He points to examples like Breitling’s historical aviation partnerships, Bell & Ross and military aviation, TAG Heuer and motorsport, or Ulysse Nardin’s collaboration with One More Wave as collaborations that feel grounded because they connect naturally to the brand’s identity.

By contrast, he sees forced collaborations as potentially damaging. They may create short-term attention, but they can erode long-term brand equity if collectors feel the collaboration betrays the brand’s deeper identity.

This is where the conversation becomes political in the strongest sense.

Collaborations are not merely products.

They are statements about what a brand wants to become.

They tell collectors who the brand believes its audience is, what values it wants to project, and whether heritage still matters.

Audemars Piguet, Brand Equity, and Collector Discomfort

Halim speaks especially directly about Audemars Piguet, a brand he has collected for decades.

His critique is not from the outside.

It comes from long experience with the Royal Oak and Royal Oak Offshore, including ownership of many examples over the years. That gives his criticism emotional weight.

He argues that AP has moved away from the “if you know, you know” exclusivity that originally attracted many serious collectors. In his view, some recent collaborations have shifted the brand toward broader spectacle, celebrity alignment, and hype-driven visibility.

Most importantly, Halim believes some long-term collectors already feel alienated. He mentions that after earlier high-profile collaborations, some serious AP collectors began selling their watches because they disliked the direction of the brand.

His argument is not that brands should never evolve.

It is that evolution must be coherent.

When a brand with deep heritage pursues attention without clear alignment, collectors may begin to question whether the brand still represents what drew them to it in the first place.

Watches and Wonders 2026: A Strong but Conservative Year

Halim also reflects on Watches and Wonders 2026, which he describes as a strong edition.

He points to the high attendance, public engagement, and broad participation of brands as evidence that the event remains important and healthy.

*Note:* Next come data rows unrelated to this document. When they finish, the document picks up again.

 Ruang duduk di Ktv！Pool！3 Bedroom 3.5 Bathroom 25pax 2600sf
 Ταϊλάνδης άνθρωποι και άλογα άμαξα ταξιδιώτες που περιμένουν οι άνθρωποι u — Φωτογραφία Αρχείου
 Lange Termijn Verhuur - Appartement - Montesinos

He also highlights several watches that stood out to him, including pieces from Vacheron Constantin, Ulysse Nardin, A. Lange & Söhne, Rolex, Armin Strom, Patek Philippe, Parmigiani, IWC, Jaeger-LeCoultre, Tudor, and Piaget.

What emerges from this section is a sense that the industry remains creatively active, even if the overall tone felt somewhat more conservative than previous years.

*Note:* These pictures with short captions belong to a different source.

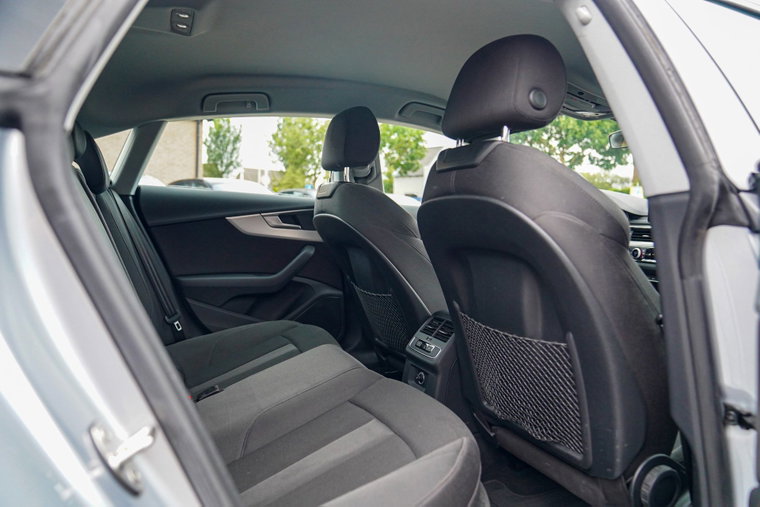 Vehicle Image 18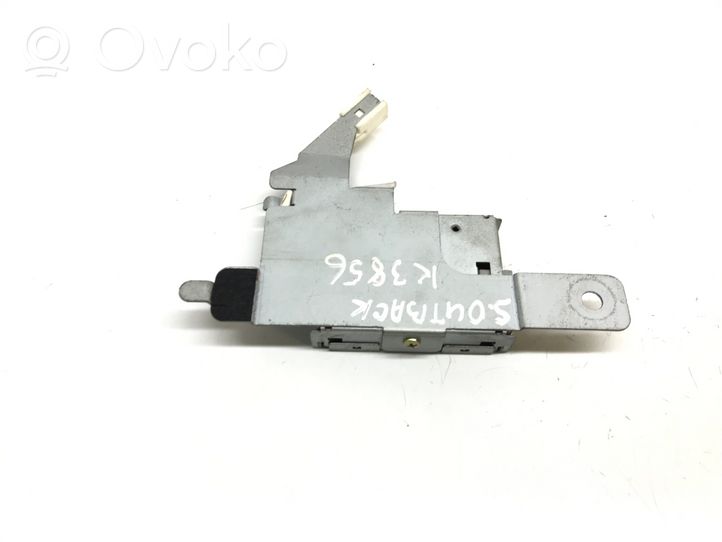 Subaru Legacy Pystyantennivahvistin EF1203IC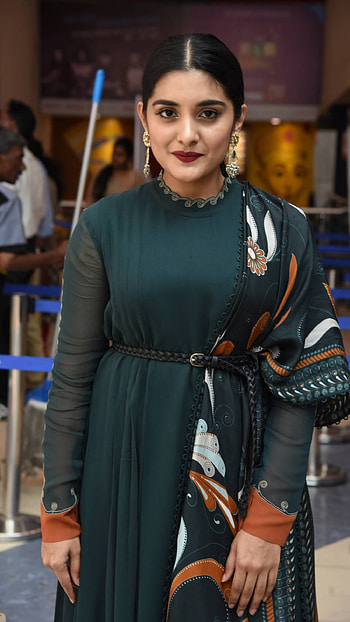 Nivetha Thomas, Tollywood Actress HD phone wallpaper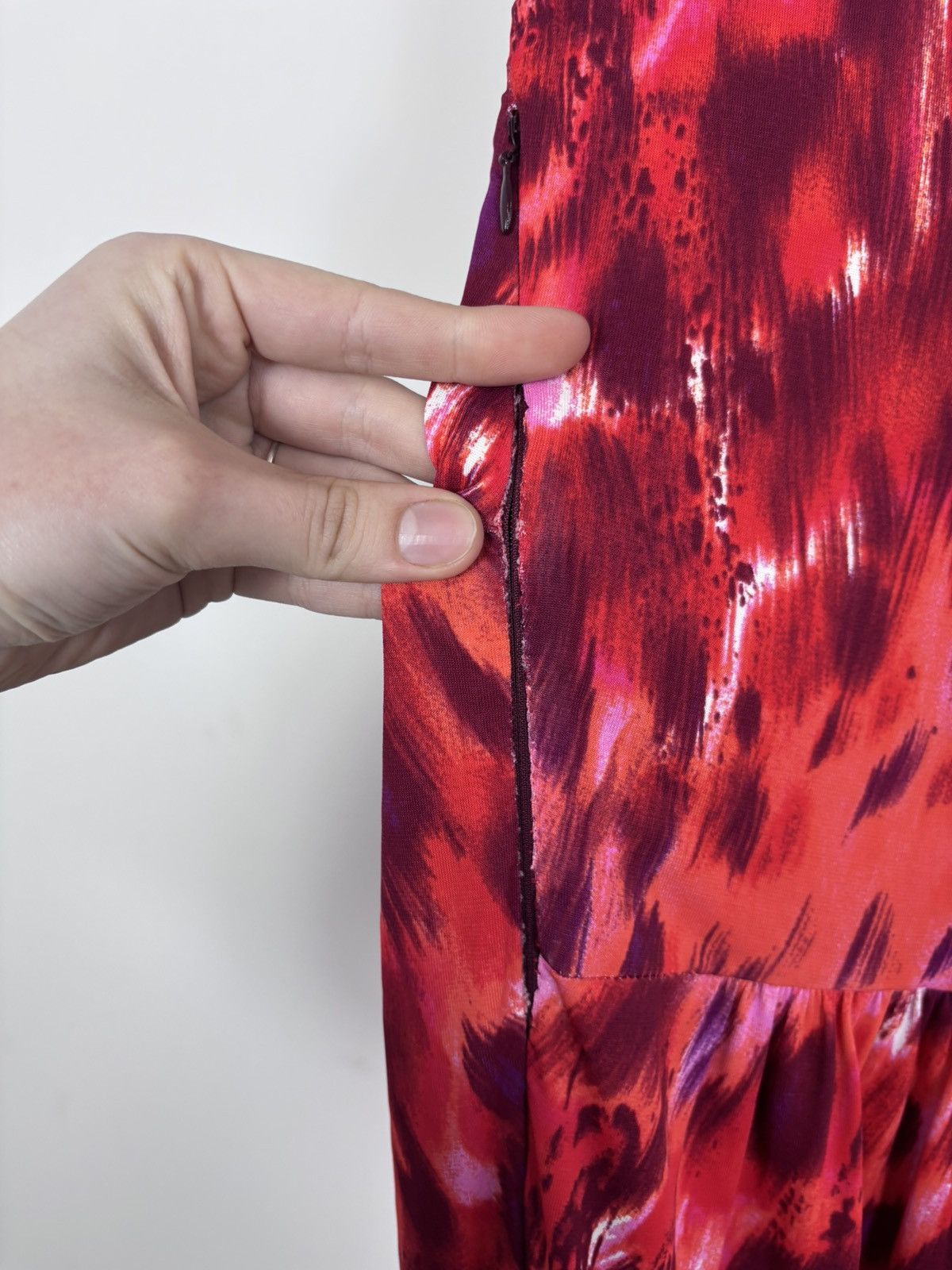 Iceberg Iceberg Women’s Red Abstract Animal Print V-Neck Dress Size L / US 10 / IT 46 - 16 Thumbnail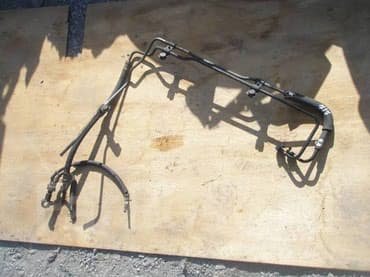 блок предохранителей: Шланг (подводка) Toyota 1997 г., Б/у, Оригинал — 2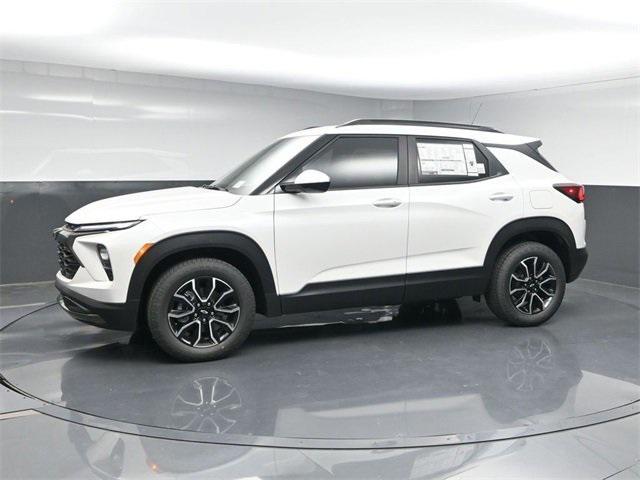new 2025 Chevrolet TrailBlazer car, priced at $30,513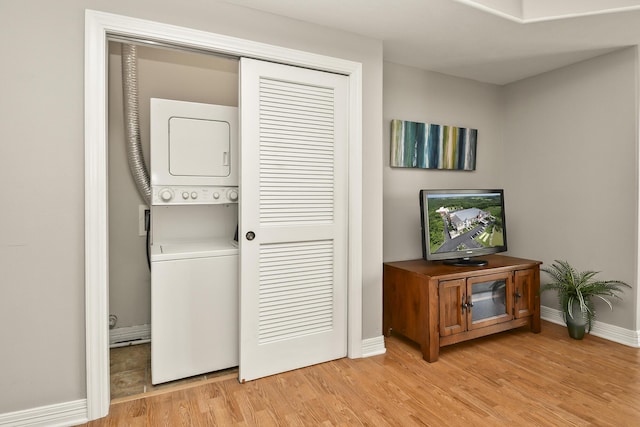 180 Grace Chapel Rd Unit 220, Blue Eye, MO 65611 - laundry area with stacked washing machine and dryer and light wood finished floors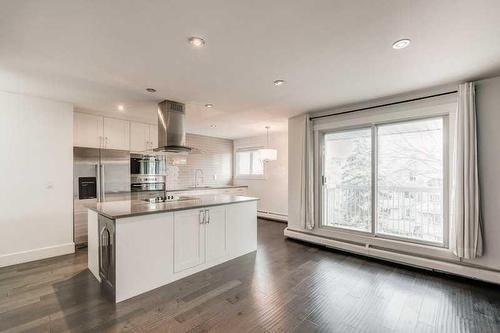 302-1721 13 Street Sw, Calgary, AB - Indoor Photo Showing Kitchen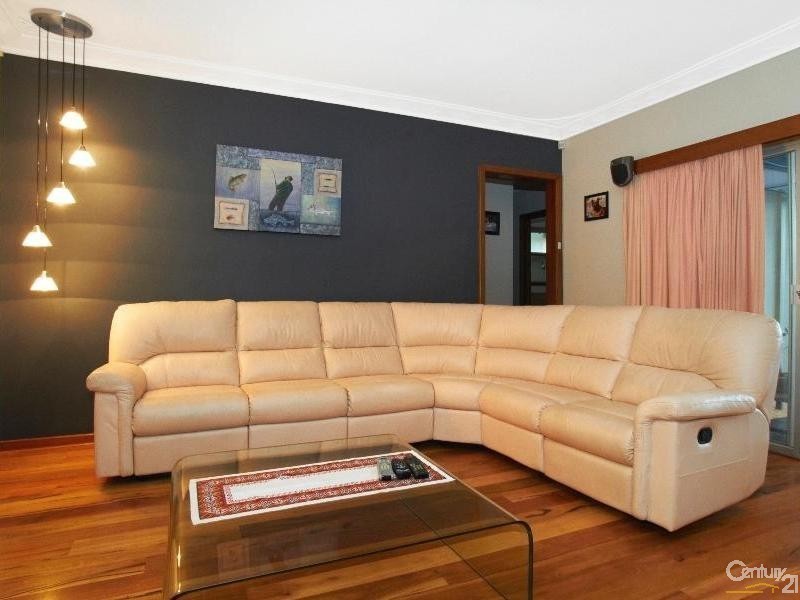 8 Gordon Street, Maida Vale WA 6057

The important point is that Watches and Wonders now functions not only as a trade show, but as a global cultural event.

Collectors, journalists, brands, and enthusiasts all gather there not only to see watches, but to interpret the direction of the industry.

Why Collectors Love Independent Watchmaking

One of the strongest sections of the interview concerns independent watchmaking.

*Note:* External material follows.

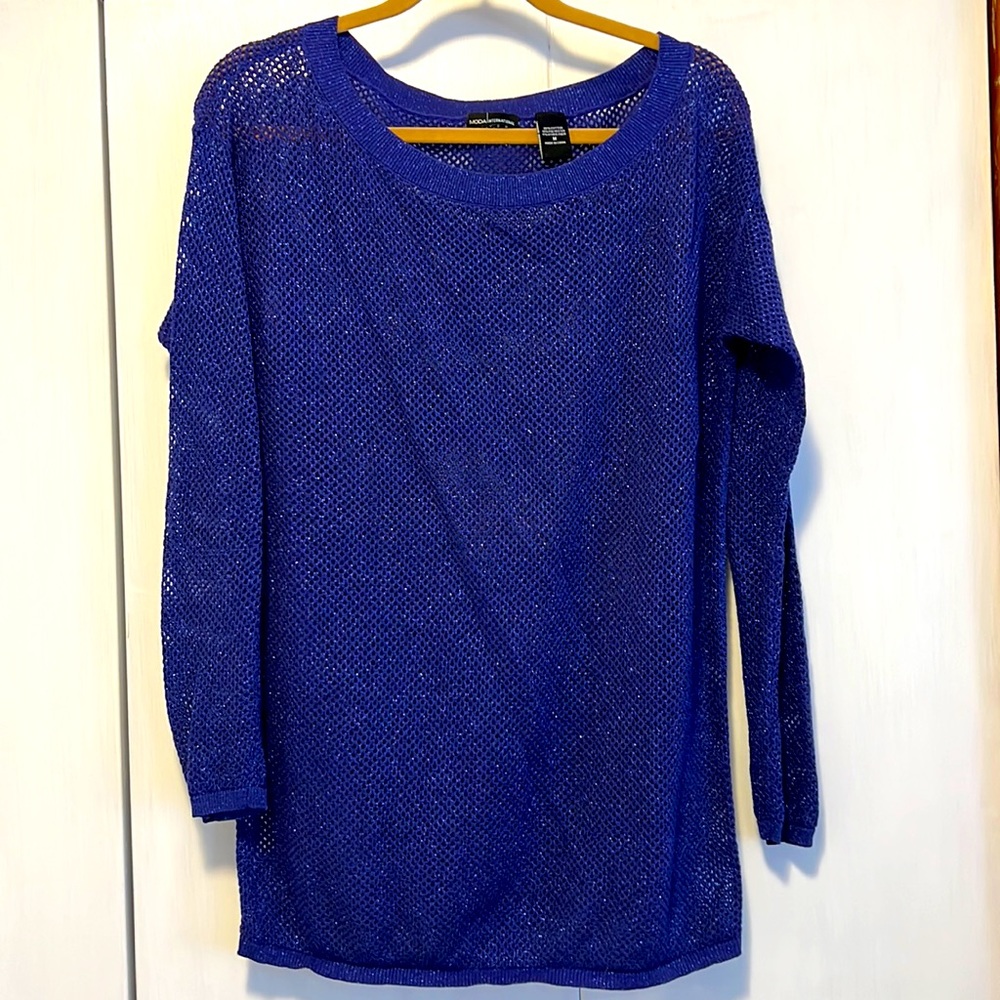 Women’s metallic lightweight sweater size medium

Halim argues that collectors have become passionate about independent brands for several reasons:

They offer originality.
They offer scarcity.
They offer direct connection.
They offer higher levels of hand-finishing.
They offer a sense of supporting the craft itself.

For seasoned collectors tired of seeing the same watches everywhere, independents offer something more personal and rare.

There is also an emotional element. Buying from an independent can feel like supporting a living creator rather than a corporate machine.

But Halim is realistic. Independent watchmaking is not for everyone. The barrier to entry is high, both financially and intellectually. A collector must often understand horology deeply enough to appreciate why a small, little-known brand may be worth more than a widely recognized name.

That is precisely what makes the category so meaningful for advanced collectors.

Collectors and Creators: A New Feedback Loop

Through manufacture visits and direct relationships with brands, Halim has witnessed a new kind of interaction between collectors and creators.

Collectors today can influence watches more directly than before.

He shares his own example of creating a unique piece with Armin Strom in 2016. His idea involved mixing materials and design elements in a way the brand was not then doing. That project later helped inspire a broader customization concept within the brand.

This is a crucial point.

Collectors are no longer only buyers.

They can become collaborators, advisors, and sources of product ideas.

This is especially true in independent watchmaking, where the distance between collector and maker is much smaller. Conversations at dinners, manufacture visits, private showings, and one-on-one presentations can directly shape future watches.

Journalists, Influencers, Collectors, and Credibility

Halim draws a sharp distinction between different types of watch voices.

Journalists report.
Influencers amplify.
Brand marketers promote.
Collectors speak from lived experience.

Of course, these roles can overlap. Halim himself is a collector who became a media figure and now influences purchasing decisions.

But for him, credibility depends on whether someone has truly participated in collecting — whether they have bought the watches, worn them, studied them, made mistakes, lost money, and understood the emotional and financial realities of ownership.

This is why he is skeptical of hype-driven influencers who praise watches they have never owned and brands they have never truly engaged with.

In his view, influence without experience can damage the industry.

Collectors deserve voices who know what it means to put real money, real emotion, and real time into watches.

Underappreciated Brands

When asked which brands remain underappreciated, Halim names several.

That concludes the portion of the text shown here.